Salvador Dali: Getting to Know You
This is Sandy Brown Jensen, and you’re listening to Viz City, KLCC’s arts review program, broadcasting today from the Belfry Tower in Brugge, Belgium, where a big Salvador Dali exhibit is taking up a spacious gallery on the ground floor.
I’d like to take you to see two different groups of Dali’s surrealist images: the first is about food, the second is about Alice in Wonderland.
The lithographs about food are called by his wife’s name, “”Gala’s Dinner’s.” I get a kick out of the way big tables of food are transformed literally into “food porn,” with body parts turned into suggestive foodstuffs.
For example, one image at first glance looks like a bundt cake with a little doll on top. The cake is the doll’s skirt made out of lobsters and sausages.
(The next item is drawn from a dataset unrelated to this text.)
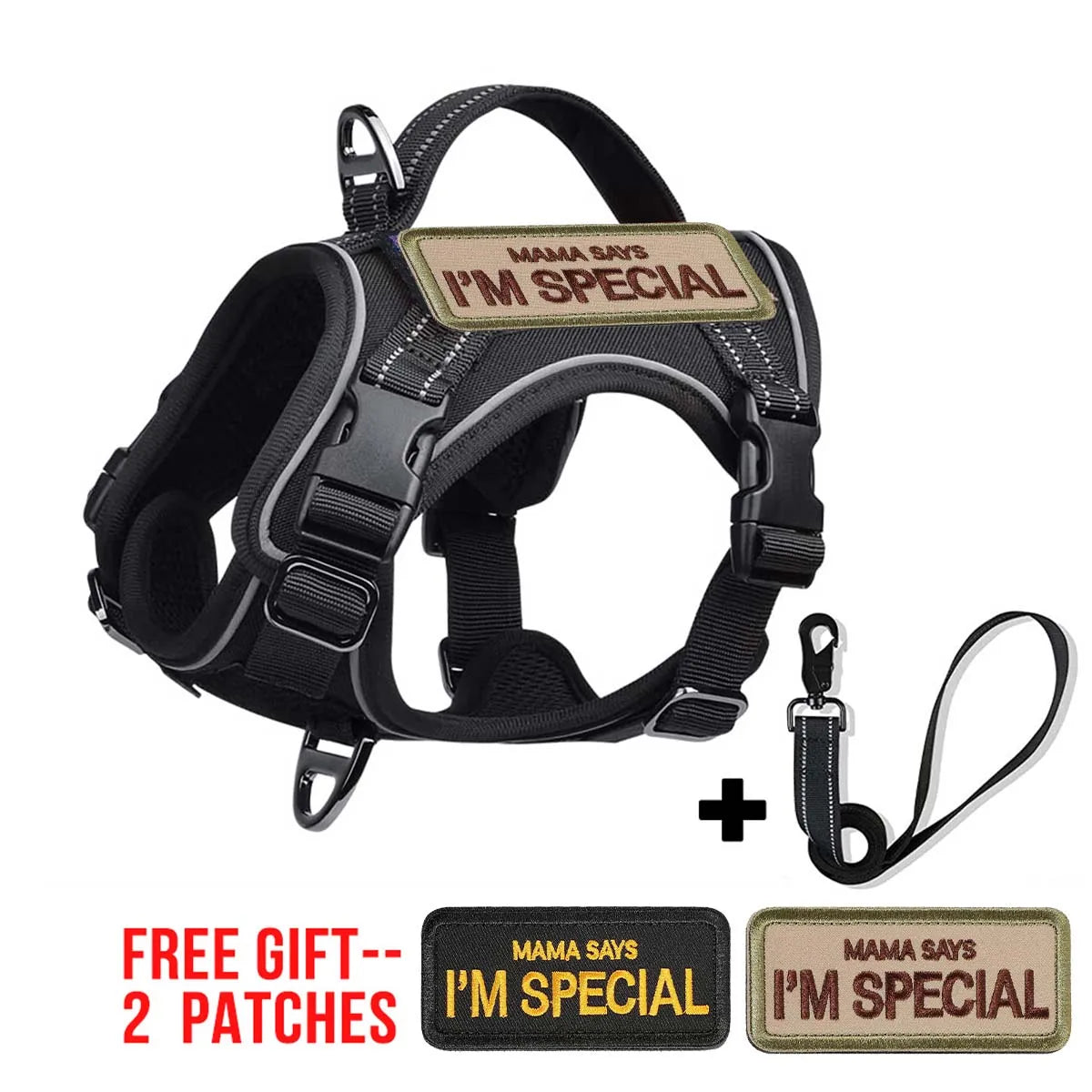 Tactical Reflective No-Pull Puppy Vest Harness - Mystery Paw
The frosting appears to have a dozen severed heads laughing in it.
The more I look the more I see; and the more I see, the more I laugh, and the more I am disturbed, as well, two reactions that I think would please Dali, who famously said, “Dali does not DO drugs; Dali IS drugs!”
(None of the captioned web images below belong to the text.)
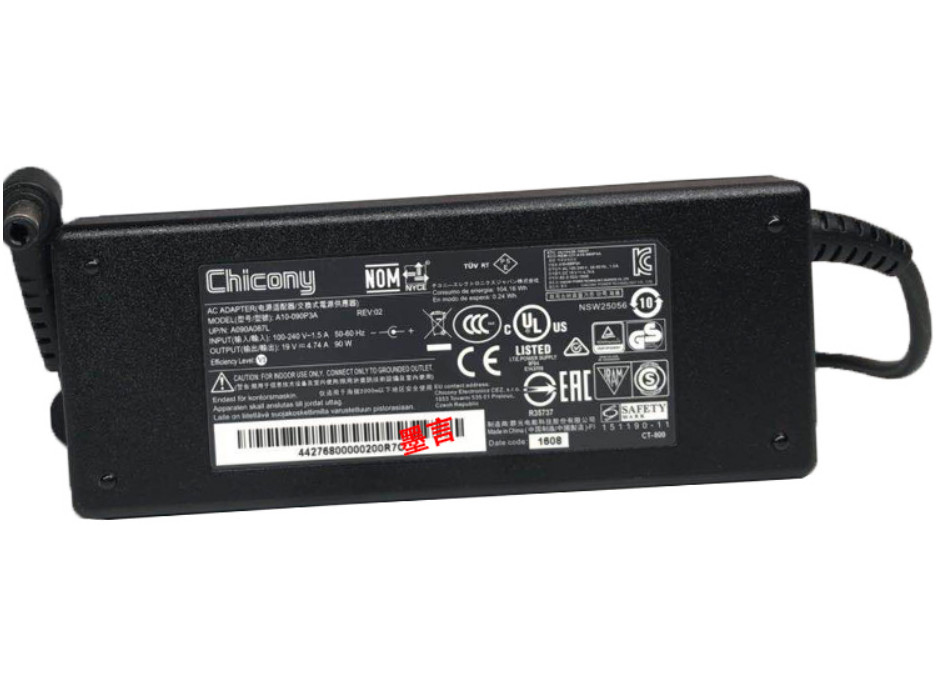 NEW Original Chicony Charger 19V 4.74A For Getac B300-X/B300X 90W AC Adapter OEM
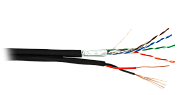 F/UTP 4pair, Cat5e, Out, PVC+PWR (EC-UF004-5E-PC075-PE-BK) / Кабель «витая пара» (LAN) для структурированных систем связи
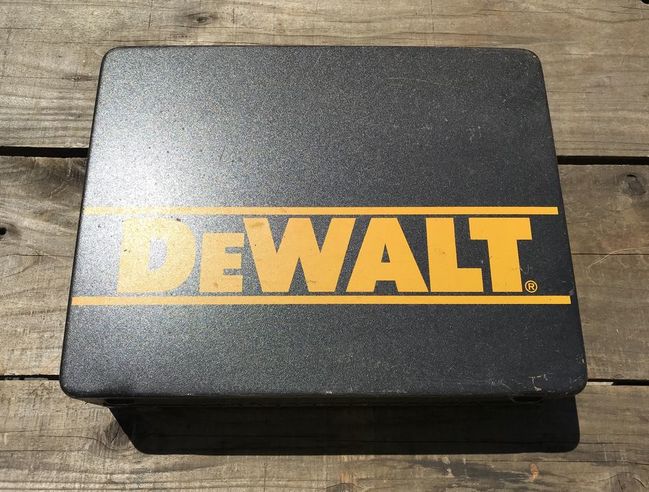 DeWALT box for the hammer drill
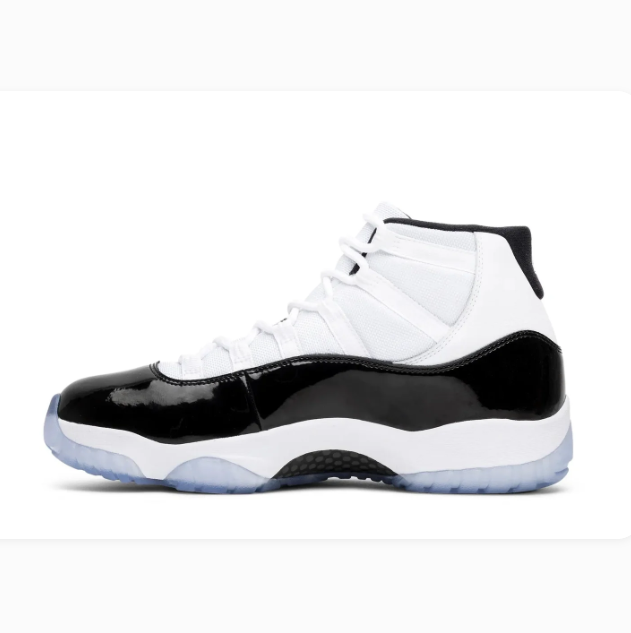 White & Black High-Top Sneakers with Glossy Overlays & Icy Blue Soles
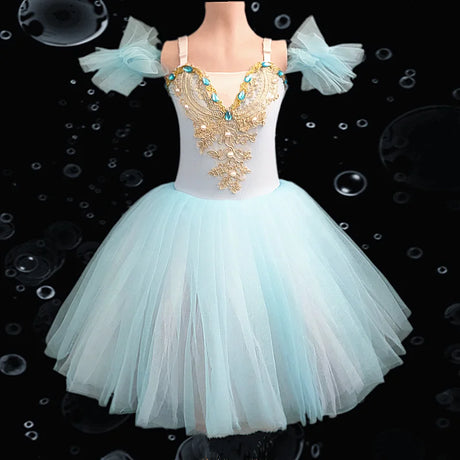 Ballet Tutu Skirt Women Dress Long Vestidos For Girls Performance Clothing Swan Belly Dance Skirts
People say they don’t get Dali’s surrealism, yet in the next breath read “Alice in Wonderland” to their kids, which is about as surreal as it gets.
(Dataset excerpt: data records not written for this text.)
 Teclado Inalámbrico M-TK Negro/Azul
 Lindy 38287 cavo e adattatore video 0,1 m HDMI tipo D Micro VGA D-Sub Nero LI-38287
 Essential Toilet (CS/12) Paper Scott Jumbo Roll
Dali did illustrations for a special edition of Lewis Carroll’s famous book, and I have no doubt that anyone familiar with the book would be able to understand the surrealism in these images; the pack of playing cards, the hookah-smoking caterpillar, the Cheshire Cat.
If you let it, something in the back of your mind sort of unhinges, floats free, and now you have a way in to understand more and more of Dali’s wonderful, surreal world.